InfoQ Architecture·March 13, 2026

DoorDash's LLM Conversation Simulator for Chatbot Testing

DoorDash developed a simulation and evaluation framework to test LLM-powered customer support chatbots at scale. This system enables rapid iteration and validation of changes to prompts, context, and integrations, significantly reducing hallucination rates and improving chatbot reliability before production deployment. The core innovation is using an LLM to simulate customer interactions, allowing for diverse conversation paths to be explored and evaluated automatically.

AI & ML Infrastructure DevOps & SRE Tools & Frameworks

Read original on InfoQ Architecture

The Challenge of Testing LLM-Powered Chatbots

Traditional customer support automation relies on deterministic decision trees, making testing straightforward. However, LLM-powered chatbots handle natural language conversations, leading to unpredictable outcomes with even minor changes. This inherent non-determinism makes conventional testing inadequate and poses a significant challenge for validating LLM-based systems before production deployment.

ℹ️

Key Problem

How do you thoroughly test a chatbot that never answers the same way twice, especially when small adjustments can have wide-ranging, unpredictable effects across conversation paths?

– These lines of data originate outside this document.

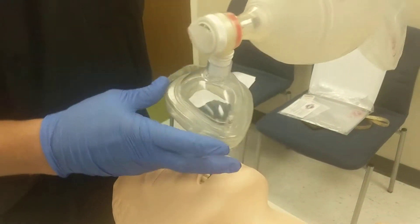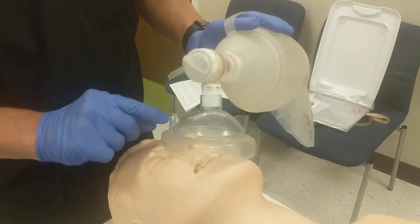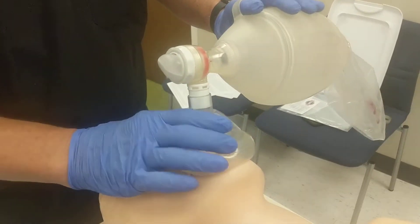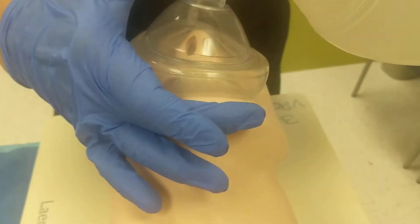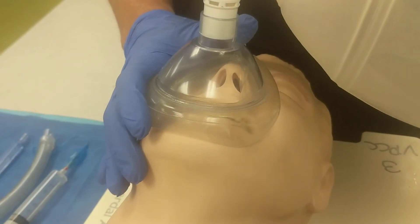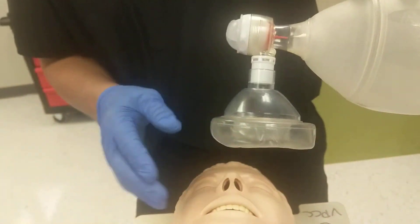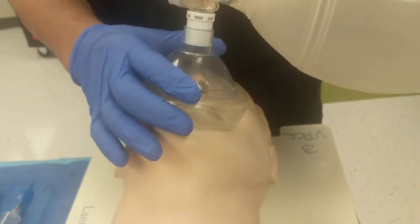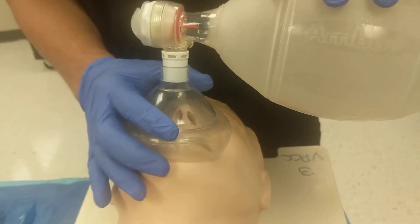The mask is teardrop shaped. Make sure the apex or point of the teardrop is right over the bridge of the nose between the eyes, and the bottom aspect of the mask should go right on the chin — not below the chin — otherwise you won't be able to seal the mask. There is an air-filled balloon that surrounds the mask; it is compressible and allows us to seal the mask around the patient's face.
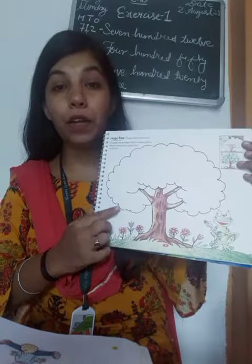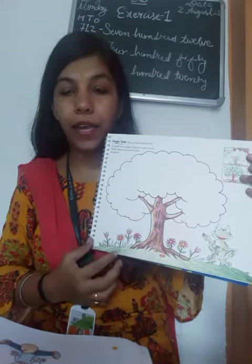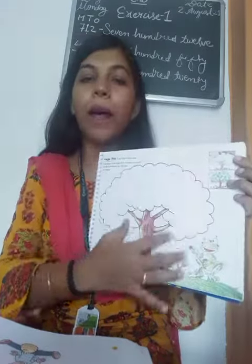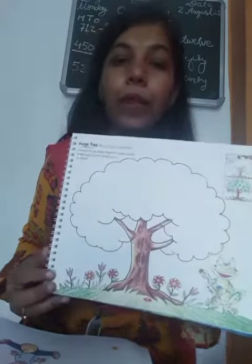So this is how big a tree — very big a tree. And the small ones are called plants. This is what you have to do. So now, what do we have to do in the tree? We have to do color.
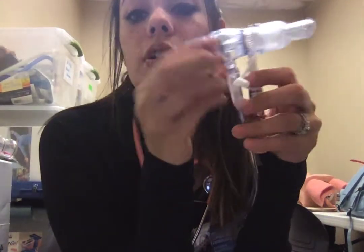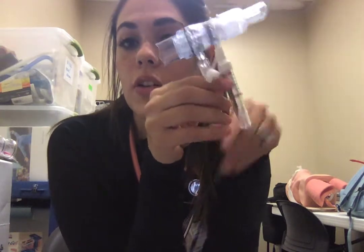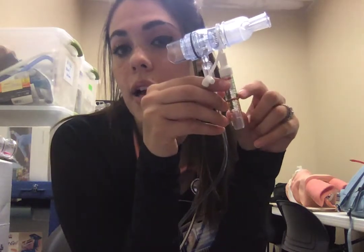I'm going to instruct my patient to inhale as they normally would and exhale forcefully — a little harder than they normally would — to meet those lines up.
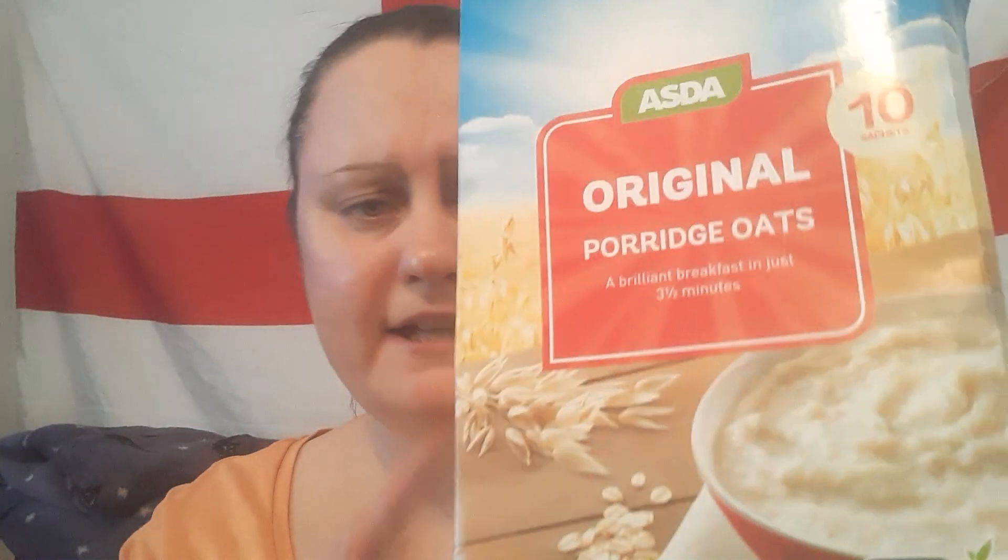It says take care when removing from the microwave as contents might be hot. These cooking instructions are just a guide — I don't really go by the microwave. I just pour the milk in, stir it, and keep checking to see if it's done. So yeah, 95 pence — let's give them a go.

DoorDash's Simulation and Evaluation Flywheel

DoorDash addressed this by building an offline experimentation framework consisting of an LLM-powered customer simulator and an automated evaluation system. This framework allows engineers to run hundreds of simulated conversations rapidly, accelerating development and experimentation cycles.

LLM-Powered Customer Simulator: An LLM acts as the customer, generating multi-turn conversations based on historical support transcripts to mimic real customer intents and behavioral patterns.
Mocked Backend Services: Critical dependencies like order lookups or refund workflows are reproduced with mocked APIs, creating realistic operational scenarios without relying on live systems.
Automated Evaluation System: Classifies conversation outcomes against predefined policies and metrics, including compliance, hallucination rates, tone, and task completion accuracy. An LLM-as-judge can be used to detect specific failure modes.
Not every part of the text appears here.